En un país amplio, multiétnico y con diferencias sociales, la ‘nueva normalidad’ ofrece contrastes. En las zonas rurales, donde los talibán se asentaron hace años, el patriarcado se aplica en sus formas más agresivas, en una tendencia que va a peor. En las ciudades, donde los talibán recién llegaron del campo existe, por el momento, una extraña convivencia de normas draconianas, frente a la inercia de su población nativa. Otro contraste: el caos del aeropuerto con la relativa calma en el resto del país.
Muchos negocios han echado el cierre temporalmente, a la espera de una estabilidad en la situación de seguridad. La imagen más vistosa del retorno talibán fue la de los tenderos de negocios de moda femenina pintando de blanco muros y pósteres que mostraban mujeres. Muchas cafeterías y restaurantes han reabierto, aunque tratando de adaptarse a la nueva situación. Las imágenes de hace pocos meses, con chicos y chicas compartiendo una relajada tarde, será difícil que se repita por mucho tiempo.
Bajo las nuevas normas fundamentalistas, no es posible que una mujer salga a la calle sola, sin un varón a su lado. Afganistán pasa en estos momentos por un extraño período transitorio: los milicianos talibán patrullan, pero la falta de Gobierno y de directrices llevan a los cuadros inferiores a aplicar sus propias leyes, aumentando el riesgo de arbitrariedad y la ausencia de rendición de cuentas, en caso de propasarse. Los afganos creen que, cuando el foco mediático global se apague, comenzará lo peor.

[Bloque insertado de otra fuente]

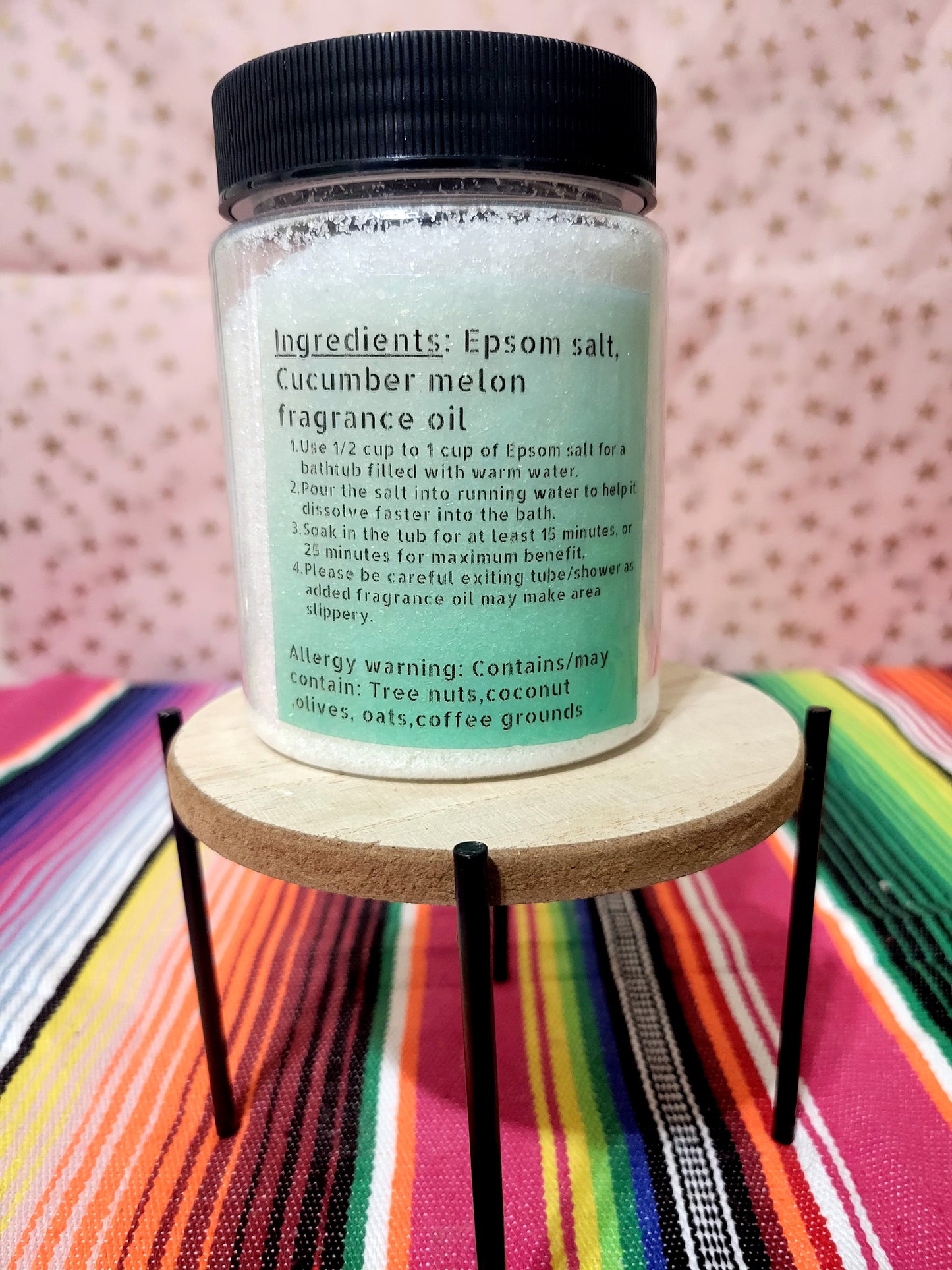 Aguita De Melon Epsom Salt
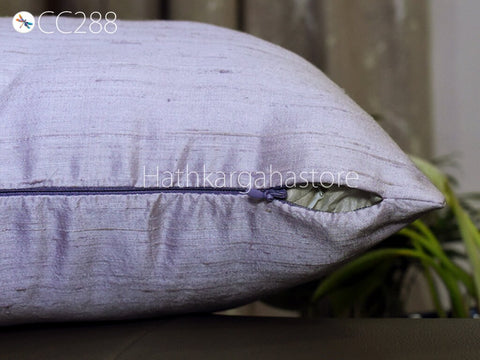 Pure Silk cushion raw silk pillow silk pillow cover entryway pillow cushion covers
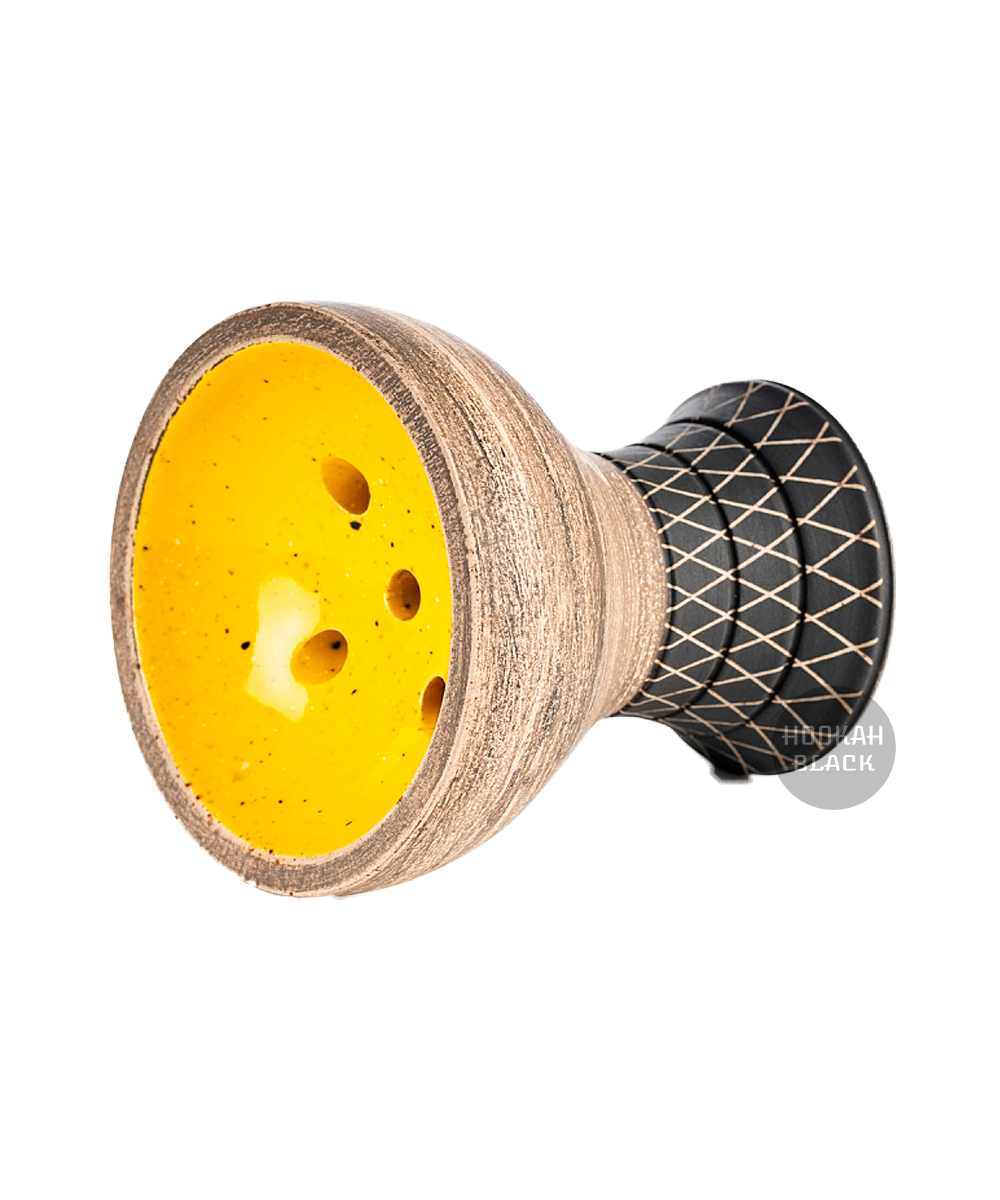 ALPHA Bowl - TURK Design Tabakkopf - Mustard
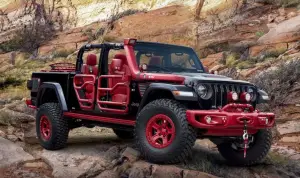 Easter Jeep Safari 2022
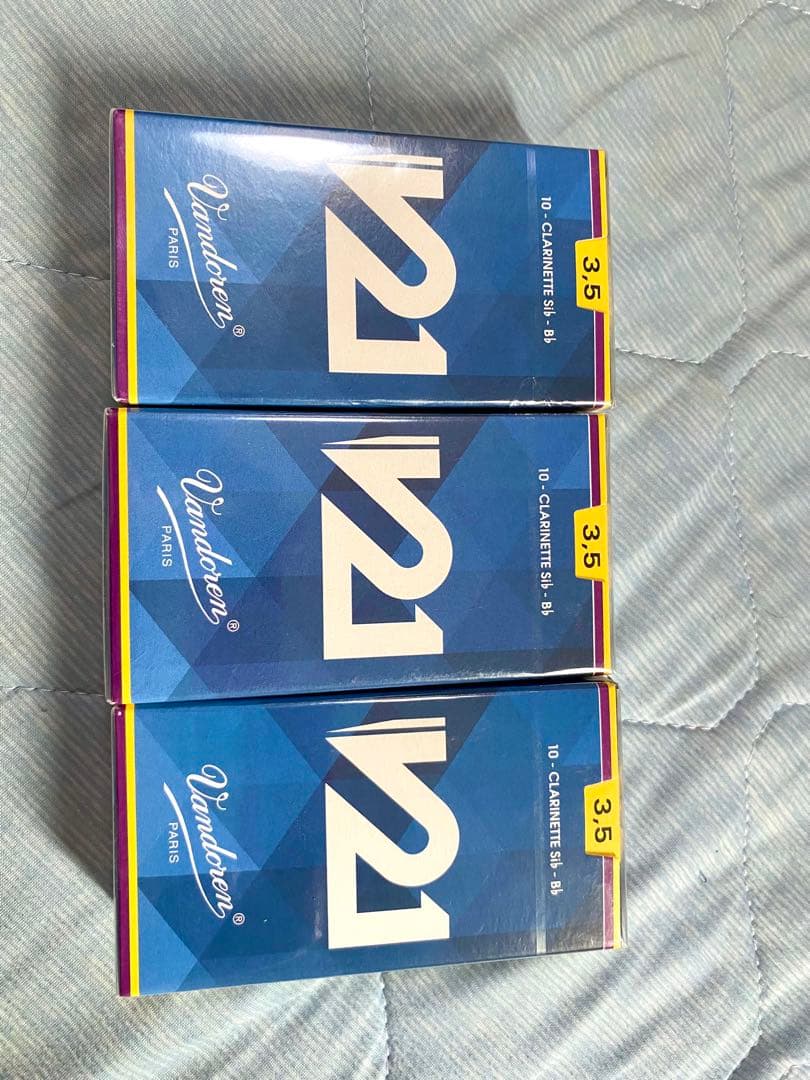 tamatama24 バンドーレン　クラリネット用リードV21 3.5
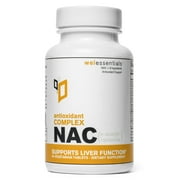Wel essentials nac antioxidant complex vegetarian tablets, 60 ct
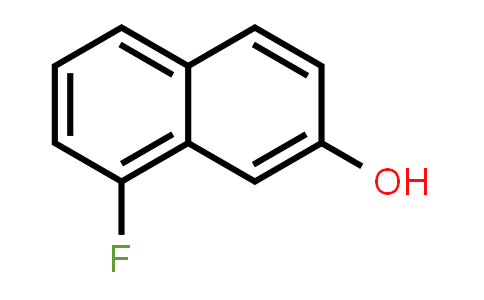 CAS No. 13916-98-8, 8-Fluoronaphthalen-2-ol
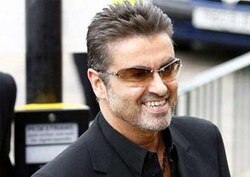 George Michael plays pool in his jail cell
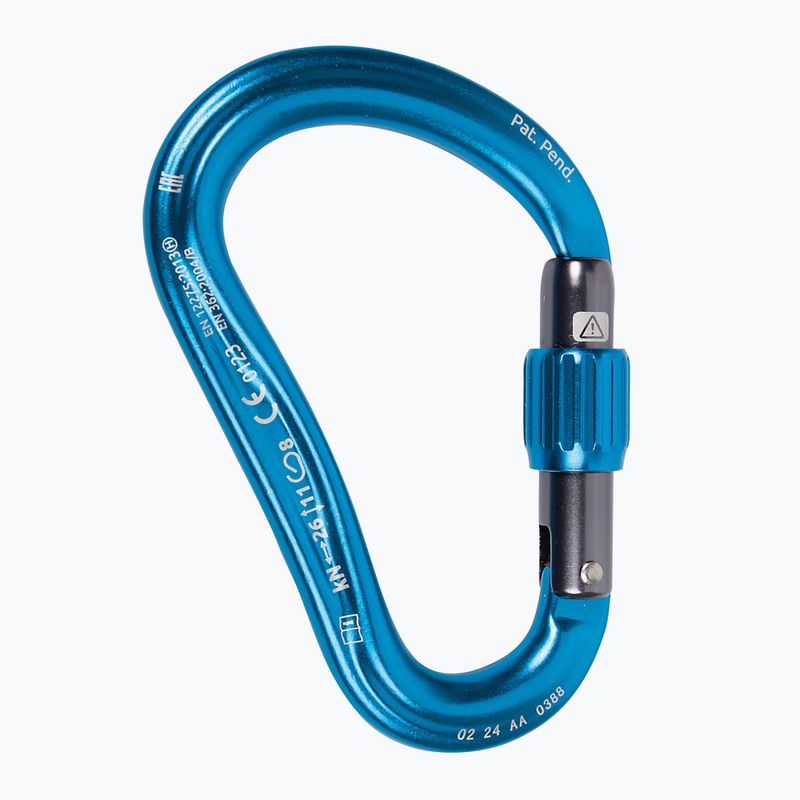 Карабинка CAMP Atom Lock blue 2
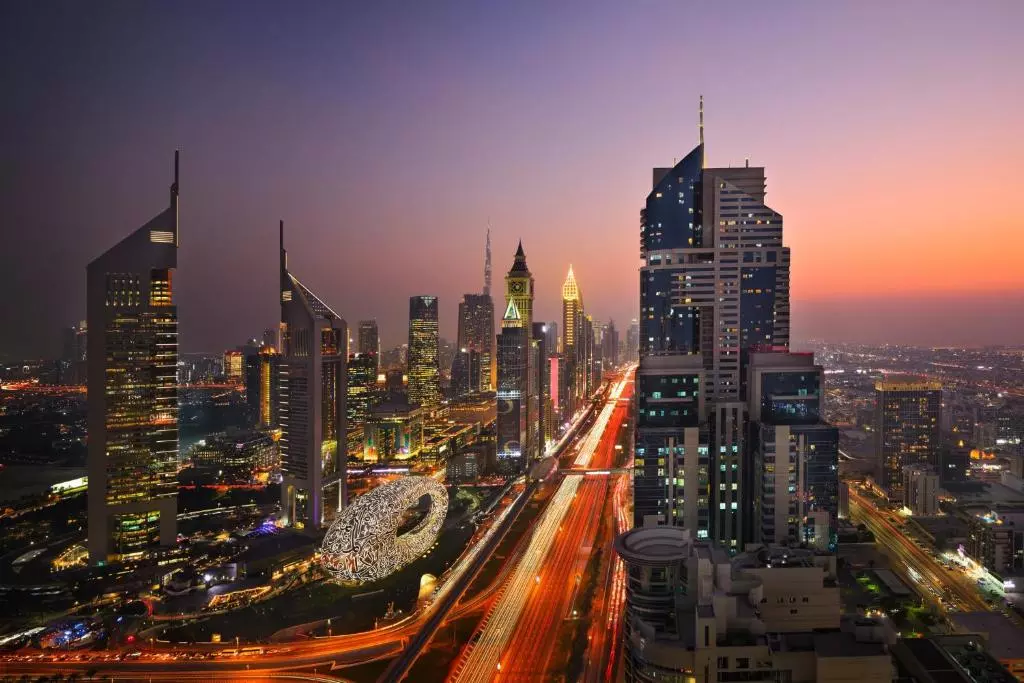 نمای هتل وکو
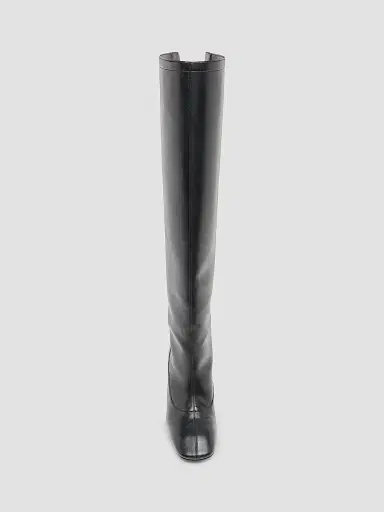 Stella McCartney Women's 80MM Contrast-Heel Knee-High Boots | Thumbnail 4 Stella McCartney Women's 80MM Contrast-Heel Knee-High Boots | Thumbnail 4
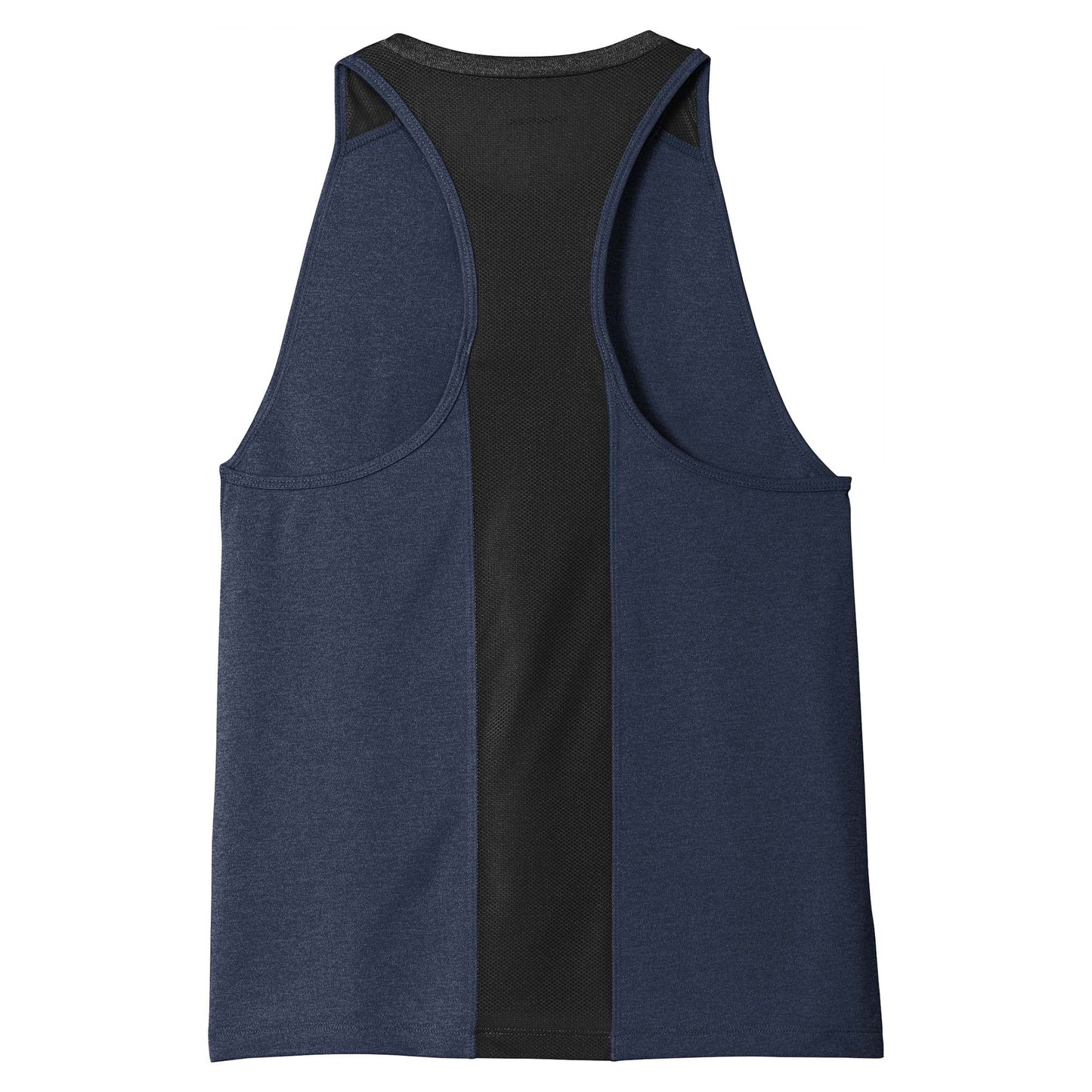 Black Heather Tank Top - Sport-Tek - Performance Fabric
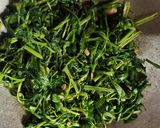 Foto langkah ke 3 dari resep Cah Kangkung Tauco.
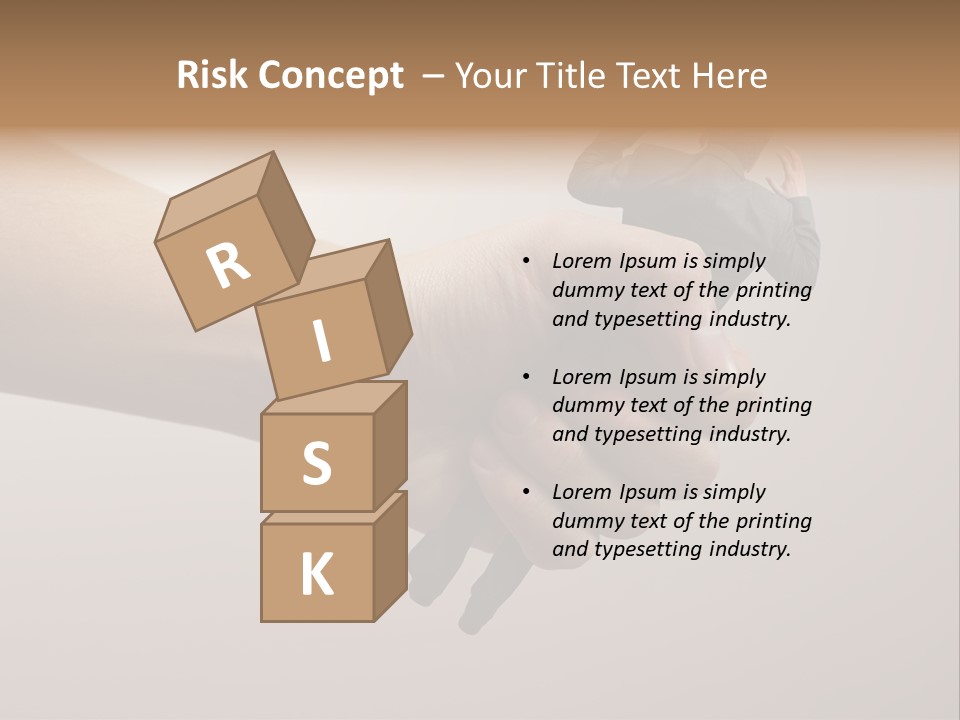 Help Stress Communication PowerPoint Template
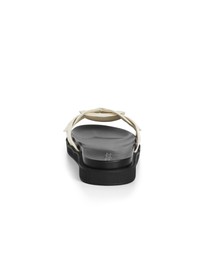 City Chic - Wide Fit Star Weave Slide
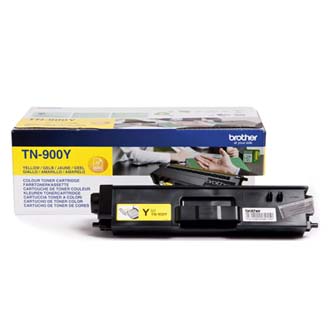 Brother oryginalny toner tn-900y, yellow, 6000s, | biuroweokazje.pl | Sprawdź dlaczego warto
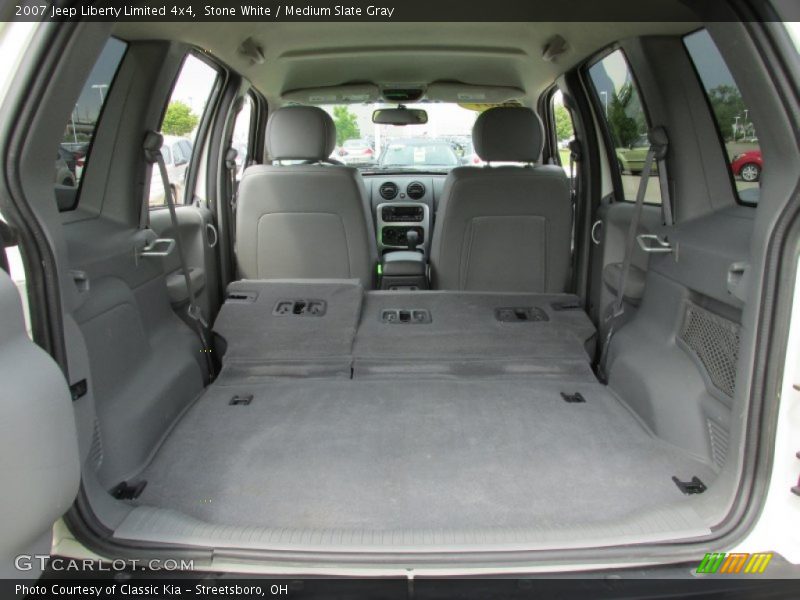  2007 Liberty Limited 4x4 Trunk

En las ciudades grandes como Kabul, en cuyos centros solía concentrarse la población más liberal, todavía es posible que una mujer pasee sola, aún a riesgo de ser reprobada e incluso castigada por un ‘policía’ a iniciativa propia. El verdadero cambio salta a la vista en las tiendas de burkas, dominadas por el color azul predominante de esta prenda que tapa completamente a la mujer, de la cabeza a los pies. «En el pasado vendía cuatro o cinco al día. Tras la llegada de los talibán, entre 15 y 17», admite un vendedor.
Con el aumento repentino de la demanda -en la capital, hasta hace una semana, la presencia del burka se reducía a mujeres llegadas del campo o pordioseras-, ha aumentado su precio: de 1.000 afghanis (unos 9,9 euros) a 1.200 (unos 11,9 euros). Mientras esperaba un billete para la salvación, Anissa no tuvo otra que cubrirse bajo el burka: «Es la única forma de evitar que los talibán puedan reconocerme. Por sus propias normas, jamás levantarán el burka a una mujer cubierta con él», explica.
Durante sus primeros días, los talibán han prometido derechos para las mujeres «dentro de los márgenes de la ley islámica». Una definición demasiado voluble, pues hay países con leyes islámicas donde las mujeres pueden trabajar o estudiar, como en Afganistán hasta hace bien poco. Pero, según denuncian varias periodistas y activistas, muchas chicas fueron despedidas o expulsadas de su lugar de trabajo habitual la semana pasada. En cuanto a estudiar, explica Anissa, sólo permitirán hasta secundaria.
Las primeras señales de que los talibán no están por cumplir sus promesas están ahí. El portavoz del movimiento, Zabihullah Mujahid, instó este martes a las mujeres, en un comunicado, a encerrarse en casa. El vocero subrayó que se trataba de una medida «temporal» para protegerlas. «Estamos preocupados por que nuestras fuerzas, que son nuevas y no han sido aún adiestradas, puedan maltratar a las mujeres», se justificó Mujahid. «Dios no quiera que nuestras fuerzas les acosen o hagan daño».
Una pregunta que flota en el aire es hasta cuándo podrán comprarse burkas, productos básicos o comida fresca. Numerosos vecinos de Kabul han alertado del paulatino cierre de bancos, lo que está dificultando la obtención de dinero. «Hemos puesto dinero en el banco por los ladrones, pero ahora que comienza a mantenerse cierta seguridad, no podemos sacar el dinero», se queja Yasmin, una ciudadana de Kabul, al medio afgano Ariana news.